Call it a lesson learned, because now, on the eve of the DVD release, James has some Martha Stewart-esque tips on how to make your Birdemic DVD release party extra special.
“What is a birdemic fest? And I encourage you all to have your own Birdemic fest. A Birdemic fest is simply a beer party, you know? A beer party, plus a DVD screening of my movie Birdemic Shock and Terror. …With your friends, with your family, with your buddy… just have a good time. You know… at home, in front of a TV, at a movie theater, camping… anywhere.
Buy multiple copies. For your Birdemic fest party. Give them out at the party. Just give them out as gifts. So again, a Birdemic fest is a beer party, plus a screening of my movie, PLUS, if you want, you know, a t-shirt, some coathangers, a Birdemic poster…”
“Maybe when you go camping, your buddy get cold. So I don’t know, maybe you stuff sleeping bag with Birdemic DVD. Maybe you try to have Birdemic Fest outdoors, but it rain and your TV keep getting wet. So I don’t know, maybe you make umbrella out of Birdemic DVD, keep TV dry for you and your buddy. Or maybe you hanging out with your family, and you see baby bird fall out of it nest, and now it look sick. So I don’t know, maybe you feed baby bird Birdemic DVDS, nurse back to health, and bring to your Birdemic fest.”
I love you, James Nguyen. Every time he says “beer party,” an angel gets its wings. And then explodes.




Maybe you take a shart but don’t have toilet paper handy.So I don’t know, maybe you wipe blarthole with Birdemic DVDS.
“Buy multiple copies.

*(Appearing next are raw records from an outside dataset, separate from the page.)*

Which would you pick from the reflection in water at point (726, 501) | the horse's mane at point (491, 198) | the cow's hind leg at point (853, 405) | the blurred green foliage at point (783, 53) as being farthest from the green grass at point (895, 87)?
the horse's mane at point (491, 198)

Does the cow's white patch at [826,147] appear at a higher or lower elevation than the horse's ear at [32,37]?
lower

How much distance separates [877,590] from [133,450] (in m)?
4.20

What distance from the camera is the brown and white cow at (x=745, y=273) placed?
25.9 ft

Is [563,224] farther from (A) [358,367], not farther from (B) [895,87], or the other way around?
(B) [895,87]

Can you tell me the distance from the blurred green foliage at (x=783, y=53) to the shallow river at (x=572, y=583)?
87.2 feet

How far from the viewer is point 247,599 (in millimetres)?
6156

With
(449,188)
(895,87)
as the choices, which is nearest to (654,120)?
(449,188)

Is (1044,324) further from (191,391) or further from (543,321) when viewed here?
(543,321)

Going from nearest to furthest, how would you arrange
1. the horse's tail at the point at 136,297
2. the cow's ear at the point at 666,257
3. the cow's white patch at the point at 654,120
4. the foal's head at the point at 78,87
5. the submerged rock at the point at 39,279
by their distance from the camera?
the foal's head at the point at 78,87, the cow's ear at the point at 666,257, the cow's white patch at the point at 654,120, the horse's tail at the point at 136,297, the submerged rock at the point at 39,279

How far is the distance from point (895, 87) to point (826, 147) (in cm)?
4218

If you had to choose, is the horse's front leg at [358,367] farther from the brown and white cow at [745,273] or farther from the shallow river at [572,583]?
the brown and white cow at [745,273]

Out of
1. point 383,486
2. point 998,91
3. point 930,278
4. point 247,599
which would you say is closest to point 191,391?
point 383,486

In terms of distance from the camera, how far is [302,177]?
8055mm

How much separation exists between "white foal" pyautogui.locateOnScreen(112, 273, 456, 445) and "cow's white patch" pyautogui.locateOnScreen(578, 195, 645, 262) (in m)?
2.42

For your Birdemic fest party. Give them out at the party. Just give them out as gifts. So again, a Birdemic fest is a beer party, plus a screening of my movie, PLUS, if you want, you know, a t-shirt, some coathangers, a Birdemic poster…”

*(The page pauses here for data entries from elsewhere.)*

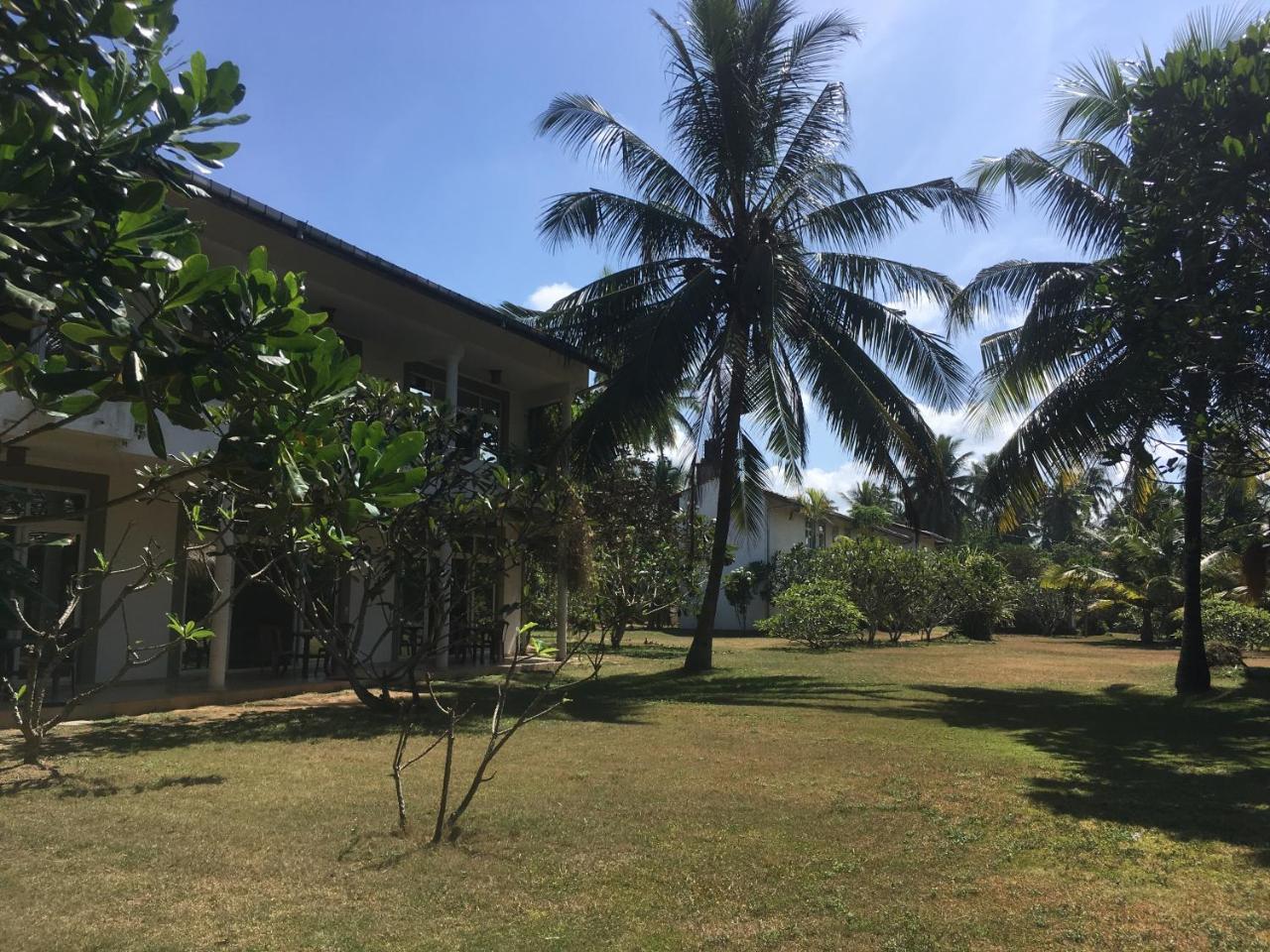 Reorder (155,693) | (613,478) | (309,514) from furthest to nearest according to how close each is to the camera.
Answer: (613,478) → (155,693) → (309,514)

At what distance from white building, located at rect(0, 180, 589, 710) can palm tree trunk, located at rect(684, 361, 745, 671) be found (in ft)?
9.27

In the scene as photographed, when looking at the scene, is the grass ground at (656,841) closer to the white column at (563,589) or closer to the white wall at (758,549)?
the white column at (563,589)

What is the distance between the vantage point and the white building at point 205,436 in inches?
409

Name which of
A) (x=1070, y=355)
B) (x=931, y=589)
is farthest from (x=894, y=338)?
(x=931, y=589)

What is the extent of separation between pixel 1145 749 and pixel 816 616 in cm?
1554

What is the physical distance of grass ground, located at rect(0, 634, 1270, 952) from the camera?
13.5 feet

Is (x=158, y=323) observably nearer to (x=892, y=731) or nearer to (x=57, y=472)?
(x=892, y=731)

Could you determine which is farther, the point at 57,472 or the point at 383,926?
the point at 57,472

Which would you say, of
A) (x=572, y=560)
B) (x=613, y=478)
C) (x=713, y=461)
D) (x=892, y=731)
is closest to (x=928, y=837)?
(x=892, y=731)

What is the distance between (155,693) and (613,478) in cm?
1155

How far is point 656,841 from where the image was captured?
17.9ft

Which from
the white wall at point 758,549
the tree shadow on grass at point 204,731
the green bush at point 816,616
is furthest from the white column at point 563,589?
the white wall at point 758,549

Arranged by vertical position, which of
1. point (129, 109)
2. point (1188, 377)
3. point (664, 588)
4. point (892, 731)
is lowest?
point (892, 731)

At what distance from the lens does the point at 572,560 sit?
14453mm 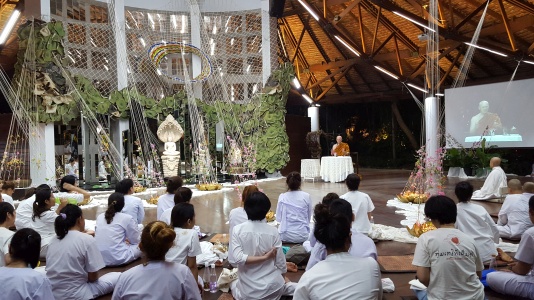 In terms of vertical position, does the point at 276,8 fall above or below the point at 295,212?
above

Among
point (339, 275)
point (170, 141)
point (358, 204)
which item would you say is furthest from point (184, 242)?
point (170, 141)

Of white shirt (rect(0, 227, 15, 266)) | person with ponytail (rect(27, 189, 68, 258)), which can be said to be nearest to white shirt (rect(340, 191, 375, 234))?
person with ponytail (rect(27, 189, 68, 258))

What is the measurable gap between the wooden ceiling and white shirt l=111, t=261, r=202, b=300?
30.3 feet

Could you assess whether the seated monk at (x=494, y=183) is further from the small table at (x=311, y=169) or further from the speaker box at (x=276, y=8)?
the speaker box at (x=276, y=8)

The Mighty Feklahr assumes the coathangers are for unwanted Birdemic-fest-party-hatchlings.
Me toil part-time at Jah Cold Stone Creamery!
I’m assuming from the music in that video that as soon as the cameras stopped rolling, he did something heartfelt to win over Molly Ringwald.

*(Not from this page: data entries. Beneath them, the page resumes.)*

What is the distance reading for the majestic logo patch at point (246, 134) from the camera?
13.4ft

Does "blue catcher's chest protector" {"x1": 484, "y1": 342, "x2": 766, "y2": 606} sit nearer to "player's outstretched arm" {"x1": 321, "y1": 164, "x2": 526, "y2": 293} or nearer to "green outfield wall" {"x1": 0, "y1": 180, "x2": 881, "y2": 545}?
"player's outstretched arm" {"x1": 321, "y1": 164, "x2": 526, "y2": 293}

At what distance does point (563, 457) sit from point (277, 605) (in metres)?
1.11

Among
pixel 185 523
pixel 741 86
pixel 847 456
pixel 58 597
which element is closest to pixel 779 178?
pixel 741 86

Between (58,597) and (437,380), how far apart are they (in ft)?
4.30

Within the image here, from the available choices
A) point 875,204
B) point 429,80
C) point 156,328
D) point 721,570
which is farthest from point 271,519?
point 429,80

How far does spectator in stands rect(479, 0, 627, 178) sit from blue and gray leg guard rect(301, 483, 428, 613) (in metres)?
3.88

James Nguyen vs. Tommy Wiseau: Whoever wins, we lose.
A t-shirt, some coathangars, a Birdemic poster…
*dons inky pee’s soiled turban, taps envelope on forehead*
Things found next to naked Vince in Nguyen’s crawlspace this time last year!
He really needs to take the Tommy Vu route and start marketing seminars where he teaches mouth-breathing losers how to buy yachts full of scantily clad birds.
Congratulations on your piece of shit movie!
Better bring some benadryl; those guys usually turn bright red when they drink.
Before watching the vid, i read the post with the voice of Amy Wong’s father. Much better that way.